I couldn't help but laugh at the irony of listening to our 6.5-month-old cry while reading the story of Elizabeth and Zachariah in Luke 1. Here our son was, crying for breakfast because to him it felt he was waiting for an eternity and breakfast might never come! But I knew that I would feed him in exactly 13 more minutes. See, I was almost finished with my quiet time with God this morning (which is sporadic at best these days as we are still transitioning out of night time wake ups and my sleep is as sacred as time with the Lord, God said so...literally...if you've ever encountered me on little sleep, you'd know why...I'm the 8-9 hours of sleep a night kind of person...) but to Aaron it felt like an eternity before I would be done, if I would ever even finish (actually he had no idea what I was doing...he just knew I wasn't feeding him now)!

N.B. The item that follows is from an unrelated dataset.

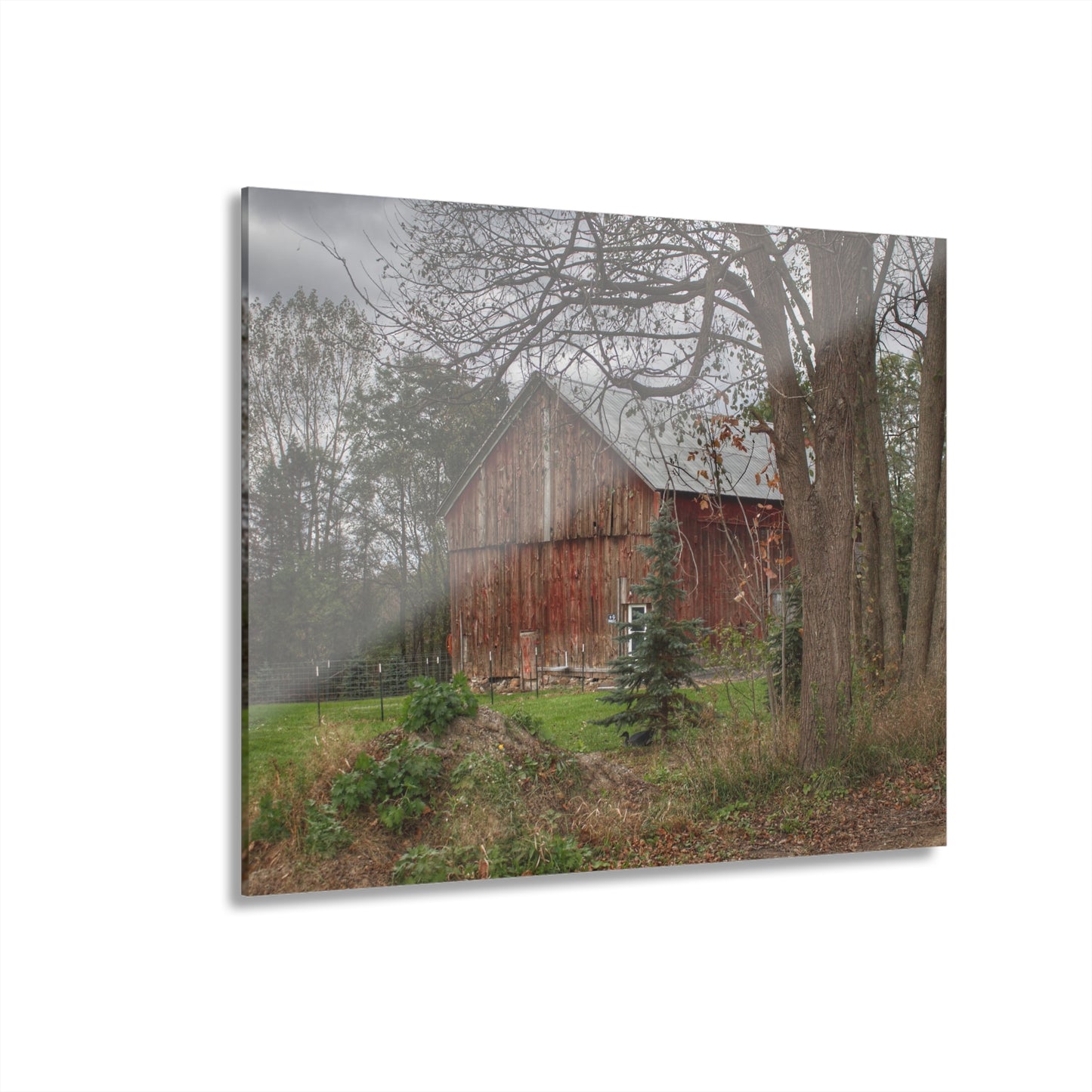 U R There Photography Big Fish Lake Road Red Rustic Farmhouse Acrylic Wall Print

Anyway, Aaron's feeding was going to be in just a few minutes but he might as well cry like breakfast would never come because he has no concept of what time even is...all he knows about time is that he can accidentally call daddy from mommy's watch... Anyway, Aaron's concept, or lack thereof, about time, can be like our concept of time in God's reality, let's be honest. I love the story of Elizabeth and Zachariah because to them, their reality of having children was over. They had shed their tears, cried out to God, and all but given up on their dream of having a child. But in God's reality, their time simply had not yet come. Even when the angel Gabriel told Zachariah that God had heard his prayer and was going to answer it in just a little while, Zachariah scoffed at the idea that now, God would answer his prayer, after all this time, "are you kidding me?! No way, also, not possible, we're too old," Zachariah thought.
"Every word I've spoken to you will come true on time -- God's time," Gabriel told Zachariah.

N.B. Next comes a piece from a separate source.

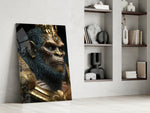 Ape King glass print enhancing a living room with cinematic mood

Maybe you've had the opportunity to be on the fulfilling end of someone's hopes and dreams and desires and you know that at just the right time, it'll be fulfilled, but it'll still be just a bit longer. And you wish that some way you could convince them to not lose hope in their waiting because in just a short while "fill-in-the-blank" will be more than satisfied! For us in this season, my husband and I have the opportunity every morning to try and convince Aaron that breakfast is in just a few minutes and that he doesn't need to be sad while waiting because "we promise, we will feed you (just like we do every morning) until your heart's content wee one, and actually there's more breakfast than you could hope for or imagine" (any nursing moms out there?? You know what I mean!). But try as we might, our wee bub is never convinced, he might as well be waiting until forever and forever still might not come.
If we read between the lines in Luke 1, God would say the same things to us, "My promises are true always, have I ever let you down?! My timing is more perfect than you could imagine and sometimes your hopes and prayers won't be answered until My time is just right. No need to be sad while you're waiting, I promise, I will deliver and it'll be better than you could dream, just like every other time!!! BUT, if you are sad and disappointed and angry and upset and scared and distraught, that's okay, I will do everything I can to comfort you in the meantime. I love you more than you could possibly know."
It's okay if we're not convinced of God's perfect timing, but maybe we'll occasionally allow ourselves to be comforted in the meantime.